The year 1963 was a restless time in the state, from Baltimore, where then-Morgan State College students staged protests at the Northwood Movie Theater, to the bucolic Eastern Shore town of Cambridge, where racial unrest erupted.
Blacks were not alone in the struggle. As in Selma and Montgomery, Blacks marched side by side with Whites and Jews—priests, rabbis, ministers, businessmen, teachers and students. Many of these unlikely protesters were not the targets of discrimination. Yet they left their comfortable homes, businesses and busy lives to join the fight for freedom; they were jeered, spat upon and even beaten. This documentary attempts to capture the essence of not only their struggle, but also their motivation to be engaged in the fight.
My wife and filmmaker Beverly O’Neal and I have amassed more than 15 hours of eyewitness accounts and personal narratives from those involved in the desegregation of the park. All sides are included, those who were allowed in to those who were not. Original photographs from the now-defunct News American newspaper, newly uncovered film footage and artifacts stored in garages and basements for the past 50 years provide a clear account of events and players.

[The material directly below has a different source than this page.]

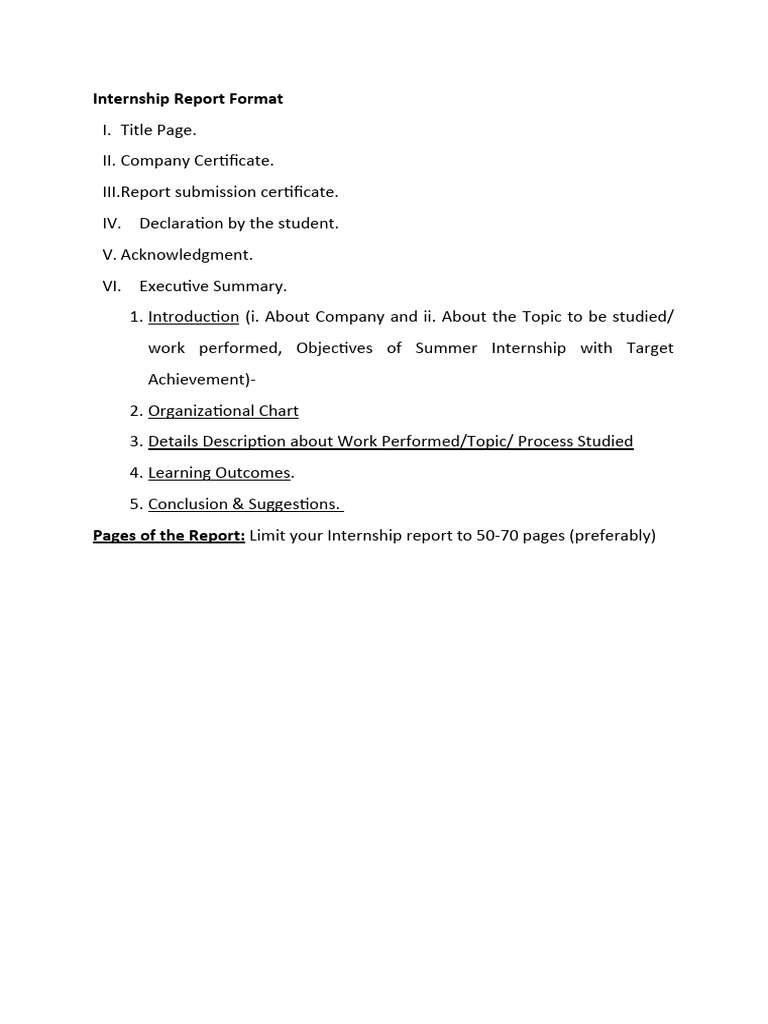 Internship Report Format Pdf Finance Money Management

Exactly who were the people involved? Where were they from? What was their motivation?
Research was collected from the AFRO American Newspapers, the Enoch Pratt Library, the Jewish Museum of Maryland, the Maryland Historical Society and the University of Baltimore Langley Library Special Collections, among others.
Do you know these women and girls, if so, please contact me care of email@example.com. They are among the few pieces of the puzzle that I have left to find. These pictures were taken in the park on Aug. 28, 1963, the first day it was opened to Blacks. The women were likely in her 20s. They’re probably in their late 60s or older now.
They marched into the park to take their place in history as hundreds of thousands of Blacks took part in the historic March on Washington on the National Mall in Washington D.C.